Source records
......

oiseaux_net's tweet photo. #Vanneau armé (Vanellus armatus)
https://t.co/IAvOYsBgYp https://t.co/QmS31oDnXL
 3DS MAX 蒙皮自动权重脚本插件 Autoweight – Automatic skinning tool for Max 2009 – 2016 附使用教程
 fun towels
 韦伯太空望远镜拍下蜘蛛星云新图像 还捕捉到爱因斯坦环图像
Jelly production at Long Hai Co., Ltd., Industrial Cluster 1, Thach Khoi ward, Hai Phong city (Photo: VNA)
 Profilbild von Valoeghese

......

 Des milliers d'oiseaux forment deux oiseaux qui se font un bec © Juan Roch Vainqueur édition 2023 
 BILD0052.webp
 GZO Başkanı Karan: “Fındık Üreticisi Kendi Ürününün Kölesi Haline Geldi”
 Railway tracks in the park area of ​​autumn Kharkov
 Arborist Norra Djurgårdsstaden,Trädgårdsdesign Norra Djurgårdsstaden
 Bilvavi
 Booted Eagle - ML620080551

......

**WORK INSTRUCTION**. Going back over the entries above, copy word for word every line from the one that has "韦伯太空望远镜拍下蜘蛛星云新图像 还捕捉到爱因斯坦环图像" on through the one that has "Profilbild von Valoeghese".

**THE ANSWER**.
 韦伯太空望远镜拍下蜘蛛星云新图像 还捕捉到爱因斯坦环图像
Jelly production at Long Hai Co., Ltd., Industrial Cluster 1, Thach Khoi ward, Hai Phong city (Photo: VNA)
 Profilbild von Valoeghese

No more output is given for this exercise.